O projeto foi idealizado pela ex-diretora do instituto Marina Dias e finalizado sob a gestão do atual diretor, o advogado Augusto de Arruda Botelho, cujas palavras de abertura da sessão enfatizaram o papel do instituto na sensibilização da sociedade para o equívoco do encarceramento em massa.

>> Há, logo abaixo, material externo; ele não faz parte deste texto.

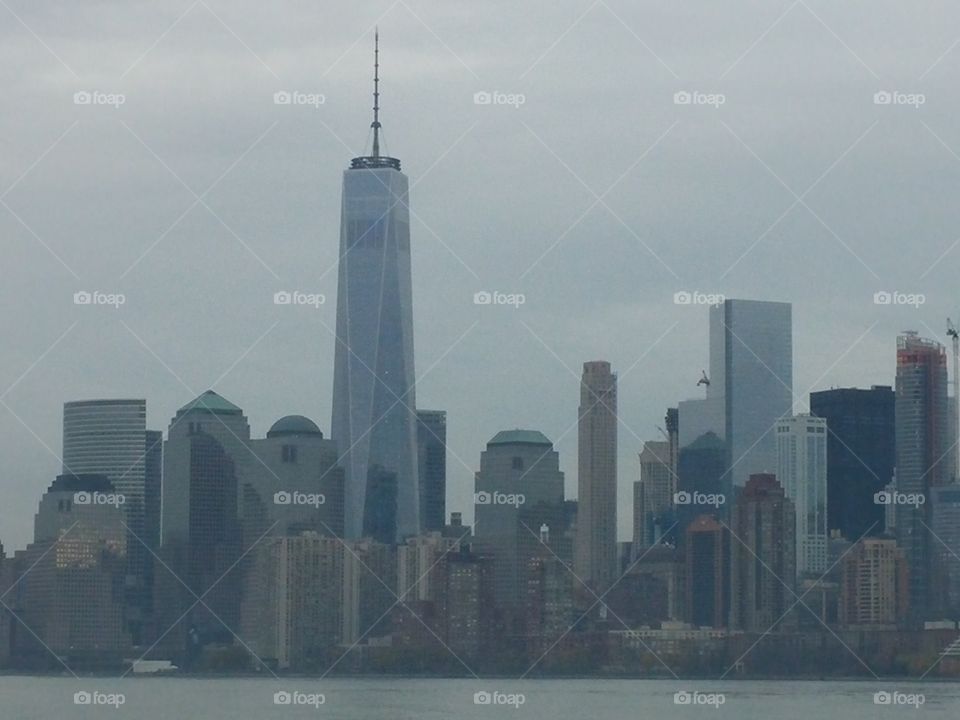 New York City skyline 3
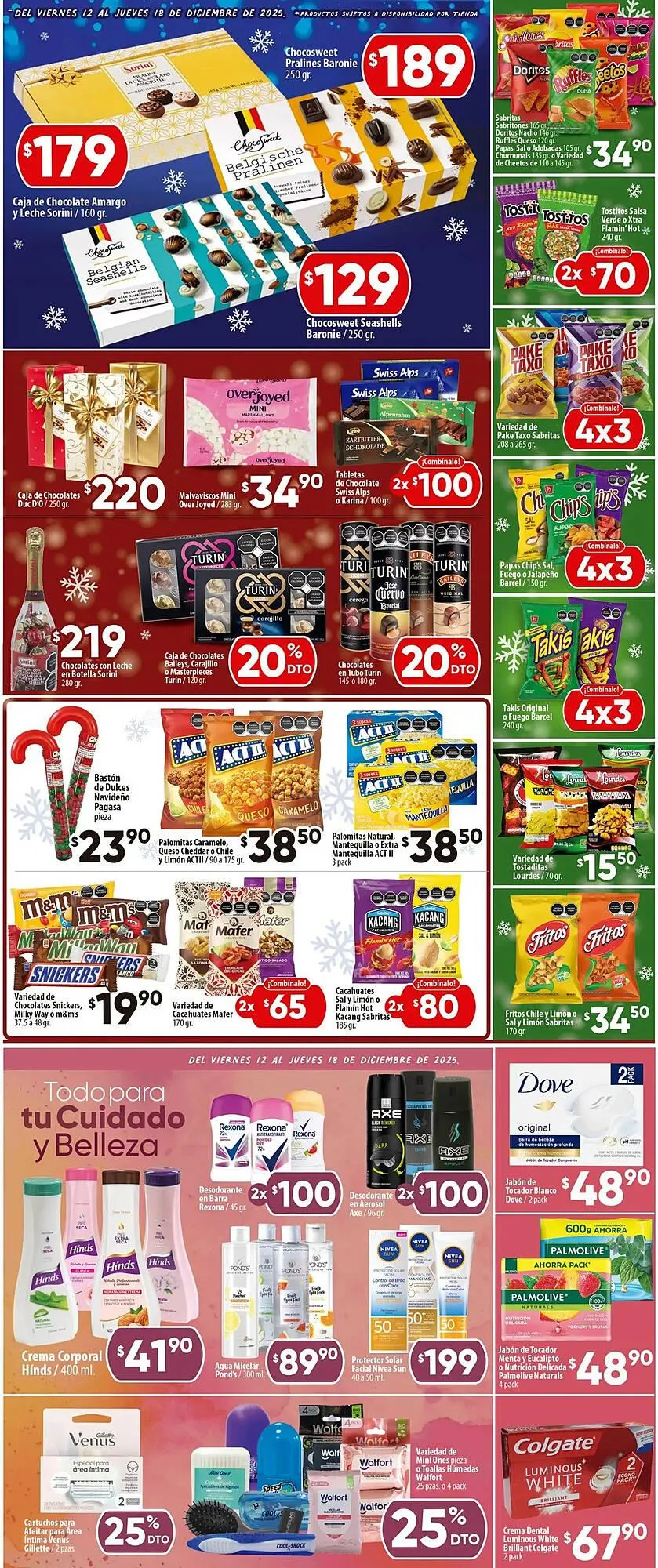 Catálogo de Folleto Calimax 12 de diciembre al 15 de diciembre 2025 - Pagina 4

Linguagem propositadamente incômoda
Em uma linguagem cinematográfica aflitiva, sem que sejam dados a conhecer os rostos dos depoentes, o argumento é aberto pela narrativa de casos individuais que aos poucos vão revelando não só debilidades e injustiças mas o completo non sense do sistema sob todos os ângulos de que é examinado – inclusive o econômico, pois os contribuintes pagam cerca de R$1.350,00 por mês para que a pessoa saia do cárcere muito mais perigosa e com pouquíssima chance de se reintegrar à sociedade. Enquanto falam os entrevistados, cenas do cotidiano em presídios são mostradas.
À medida que o filme avança, os casos pessoais vão cedendo espaço para contribuições de profissionais ligados ao sistema carcerário. No momento em que falam, o espectador não sabe de que lugar do discurso vem aquela voz – os rostos continuam invisíveis – mas a estranheza inicial vai cedendo lugar a uma certeza: da cozinha do presídio, dos corredores do tribunal de justiça de São Paulo, da sala de audiências do fórum criminal, do cartório de uma das varas desse mesmo fórum, todos os personagens ostentam algo em comum: não creem, a partir de suas experiências profissionais, que o sistema carcerário possa trazer algo para alguém além de inabilitá-lo para o convívio, de destruir todas as possibilidades de relações sociais.
Terminado o filme, são identificadas rapidamente, enfim, as vozes que por uma hora e trinta minutos ousaram incomodar as certezas da plateia. Ao lado de detentos e ex-detentos, falou um delegado de polícia, um agente penitenciário, um professor de criminologia, um padre da pastoral carcerária, um psicólogo, uma assistente social, um juiz, um promotor, uma desembargadora.
Alguns depoimentos
De todos os depoimentos, ao menos três excertos merecem comentários.
Com clareza desconcertante, a participação do delegado de polícia de forte sotaque carioca parece demolir anos e anos de política de segurança pública: policiamento não é produto, é serviço; em vez de ser avaliado por estatísticas – número de pessoas detidas, quilos de drogas apreendidas, etc. –, deveria sê-lo pela satisfação do cliente, como todos os demais serviços. Sob esse enfoque, cresceria naturalmente a ideia da polícia participativa e próxima da população, livrando inclusive a própria corporação de ser refém de discursos politiqueiros.
Em outro momento, um filósofo e uma assistente social sintetizam e fecham o recado: estamos gastando rios de dinheiro para encarcerar jovens pobres, sem ligação com o crime organizado, que foram presos em flagrante geralmente por comércio de pequenas quantidades de drogas sem porte de arma (todas essas características foram extraídas de estatísticas), amontoando-os em cubículos capazes de atrofiá-los física e mentalmente, locais em que, aí sim, entram em contato com as organizações criminosas.
Considerando que nenhuma população carcerária cresce na velocidade da brasileira, a terceira do mundo, atrás somente de EUA e China, concluem: “Estamos criando uma bomba relógio”.
O filme entra em cartaz em 12 cidades brasileiras na próxima quinta-feira, 2 de outubro.